Reactor Log Analysis Tool
Over my three month internship at Amazon in Vancouver, I gained valuable experience working in my first software development position through the implementation of a Reactor Log Analysis Tool as an intern project. Within my team’s service, there are numerous different processing steps performed on offer data when a merchant makes an update to their listings. While the team has numerous dashboards for monitoring the performance of individual operations, there did not yet exist any method for examining the performance of the system as a whole, especially when considering the chain of operations triggered by a single merchant update. The Reactor Log Analysis Tool was thus proposed as a solution for enabling wider insights on the performance of full operation sequences.

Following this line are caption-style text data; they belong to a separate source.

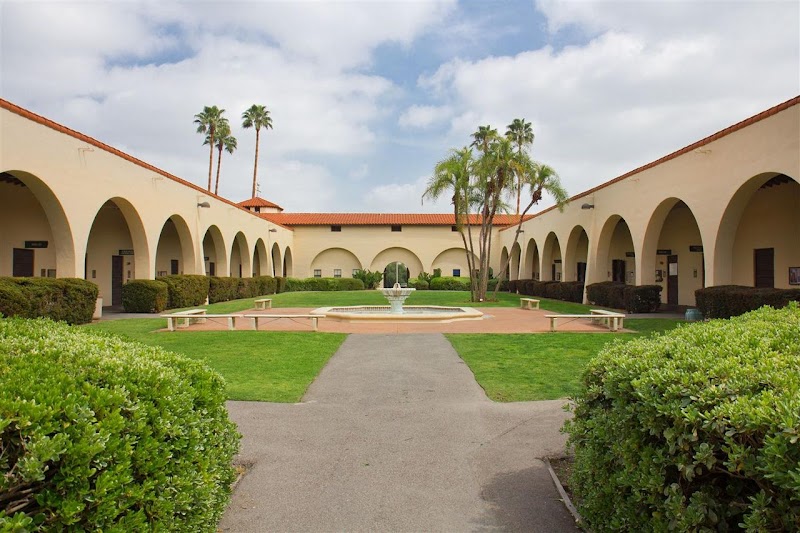 California State Polytechnic University-Pomona campus photo 3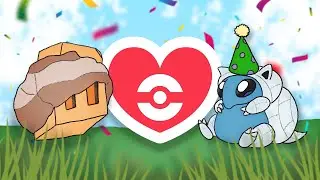 Finding the Shiny Chosen One... ✨ Alola Living Dex #18.5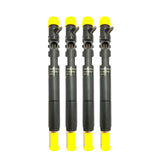 4x Injektor Einspritzdüse Delphi EJBR02801D Kia Carnival Sedona Hyundai Terracan
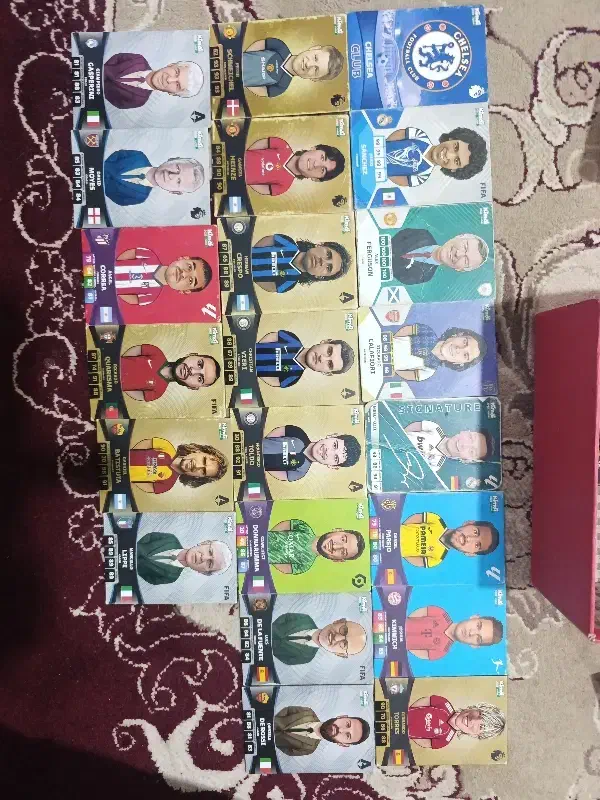 کیمدی 2025|کلکسیون و سرگرمی|گتوند, |دیوار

Given that the service operates on the scale of TB/hour, the Reactor Log Analysis Tool had to be designed to support such load. Through research and prototyping, I leveraged AWS technologies such as ElasticMapReduce, RedShift, and Lambda to support and automate the proposed data processing pipeline at scale. I used a combination of Scala, Python, SQL, and TypeScript languages to implement this pipeline. AWS QuickSight was used to support the dashboard visualization of the log analysis summaries. At the end of the internship, I showcased my work through a 20-minute presentation to software developers and managers from the organization. Using my project, I showed reductions in theoretical time-to-resolution for a historical high-severity ticket from dev-hours to dev-minutes and identified a group of clients producing potential inefficiencies within the system.